The machine translation process of a spoken English recognition text by the Sep2Sep model is as follows.

(1) A spoken English recognition text is input, followed by vectorization by Word2vec [16].

(2) The text vector is input into the encoder for forward computation. In this paper, in order to make the intermediate vector given by the encoder contain semantic information as much as possible, a bidirectional LSTM (BiLSTM) algorithm is used for forward computation of the text vector. Compared with the traditional LSTM algorithm, the BiLSTM algorithm performs forward calculations on the forwardly input sequence and the reversely input sequence, respectively, using Equation (3). The sum of the obtained forward $h_{t}$ and reverse $h_{t}$ is averaged, and the result is the intermediate vector of the output of the encoder.

(3) The intermediate vector is input into the decoder, i.e. the traditional LSTM algorithm, and the forward calculation adopts Equation (3). The calculated hidden state uses the softmax function to calculate the distribution probability of characters in the translation at the fully connected layer, and finally the string with the highest probability is output.

3 Simulation Experiment

3.1 Experimental Data

The experiment was conducted on a laboratory server, and the data used in the experiment included a speech dataset, a English–Chinese parallel corpus dataset, and a self-built dataset. TIMIT (https://catalog.ldc.upenn.edu/LDC93S1) was used as the speech dataset. The sampling parameters of this dataset were 16 kHz and 16 bits. In total, 630 people were involved, and 6300 sentences were included. Each sentence underwent manual classification and marking at the phoneme level. The English–Chinese Parallel Corpus from Tsinghua University (http://thumt.thunlp.org/) was adopted. For the self-built database, 8000 sentences were randomly selected from the parallel corpus, and the speech data of the selected sentences were collected in a recording studio at 16 kHz and 16 bits.

3.2 Experimental Setup

The relevant parameter settings for the speech recognition algorithm and machine translation algorithm are displayed in Table 1. In the speech recognition algorithm, the rectified linear unit (Relu) function was used as the activation function when performing convolution in the convolutional layer.

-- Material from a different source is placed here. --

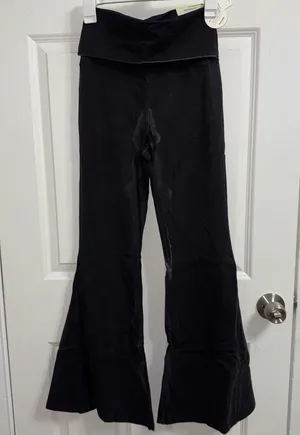 Aerie OFFLINE Flare Leggings NEW with flaws thumbnail 1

Table 1 Parameter settings of the speech recognition algorithm and machine translation algorithm

	Parameter	Setting	Parameter	Setting
Speech recognition algorithm	MFCC feature dimension	39	Convolution layer 1	64 convolution kernels (2 $\times$ 3), a moving step length of 2
	Convolution layer 2	64 convolution kernels (2 $\times$ 3), a moving step length of 2	Pooling layer 1	A pooling box (2 $\times$ 2), a moving step length of 2, and maximum pooling
	Convolution layer 3	32 convolution kernels (2 $\times$ 3), a moving step length of 2	Convolution layer 4	32 convolution kernels (2 $\times$ 3), a moving step length of 2
	Pooling layer 2	A pooling box (2 $\times$ 2), a moving step length of 2, and maximum pooling	Fully connected layer	Using the softmax function
Machine translation algorithm	The vector dimension of Word2vec	300	The input layer of the encoder	300 nodes
	The forward hidden layer of the encoder	Two layers, 512 nodes per layer, and sigmoid	The reverse hidden layer of the encoder	Two layers, 512 nodes per layer, and sigmoid
	The hidden layer of the decoder	Three layers, 512 nodes per layer, and sigmoid	The output layer of the decoder	Using the softmax function [17]

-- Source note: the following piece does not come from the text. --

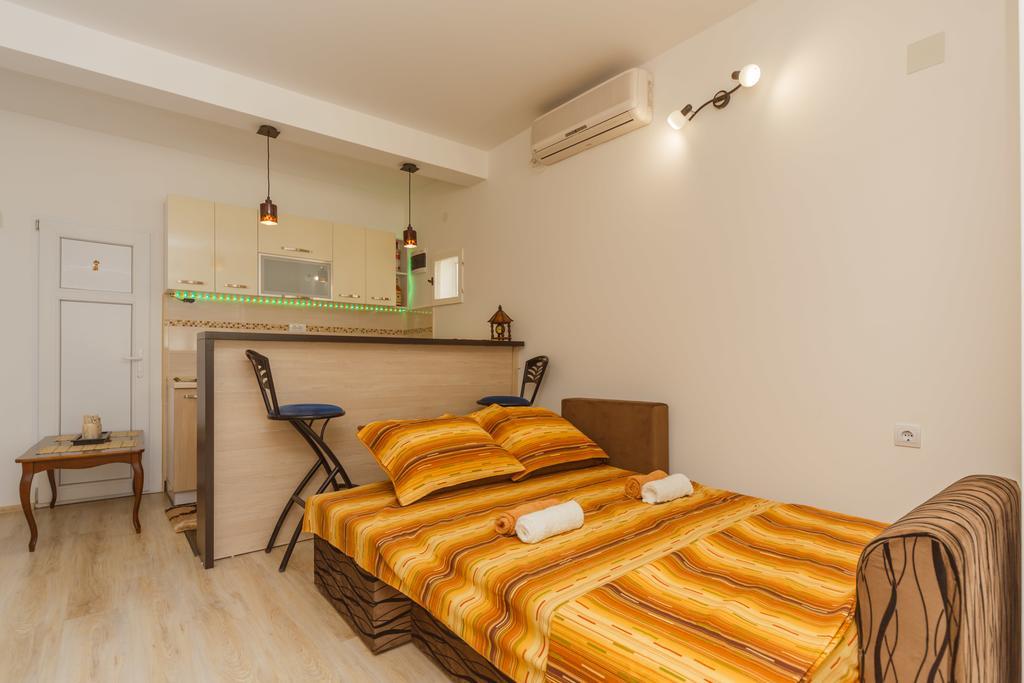 Apartment Ines บาร์ ภายนอก รูปภาพ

When the proposed algorithm was tested, the speech recognition algorithm and machine translation algorithm were tested separately, and then they were combined for a comprehensive test. The speech recognition algorithm was compared with the hidden Markov model (HMM) model and the back-propagation neural network (BPNN). The machine translation algorithm was compared with the algorithm adopting RNN as the encoder and decoder. In the comprehensive test of the proposed algorithm, the algorithms used as comparison were only different in the speech recognition part, using BPPNN and HMM model respectively. In addition to testing the pure speech dataset used in this paper, this paper also added white noise to this dataset to test the noise resistance of the speech recognition and translation algorithm. The signal-to-noise ratio (SNR) of the speech signals added with white noise was set to 0, 5, 10, 15, and 20 dB, respectively, to test the translation performance of the algorithm under different SNRs.

3.3 Evaluation Criteria

A word error rate (WER) was employed to assess the performance of the speech recognition algorithm, and a bilingual evaluation understudy (BLUE) was used to measure the performance of machine translation. The maximum order of the $n$ -gram grammar is expressed as $N$ , the weight of the $n$ -gram grammar is expressed as $ω_{n}$ , the phrase proportion of the $n$ -gram grammar is expressed as $p_{n}$ , and the penalty factor is expressed as $B$ . The equation of BLUE is:

B L E U = B \cdot \exp (\sum_{n = 1}^{N} ω_{n} \log p_{n}) .

(4)

3.4 Test Results

First, the speech recognition algorithm was tested and compared with the BPNN and HMM model. The datasets used in the test were the TIMIT dataset and self-built dataset, respectively. The WER of the speech recognition algorithms are shown in Figure 1. No matter whether it was the TIMIT dataset or the self-built dataset, the HMM model always had the highest WER, followed by the BPNN algorithm, and the CNN algorithm had the lowest rate. In addition, faced with the two datasets, the HMM model had a relatively high WER for speech recognition of the self-built database; the BPNN algorithm had a slightly higher rate for the same database, but the difference was not large. The CNN algorithm almost had no difference in the WER for speech recognition of the two datasets.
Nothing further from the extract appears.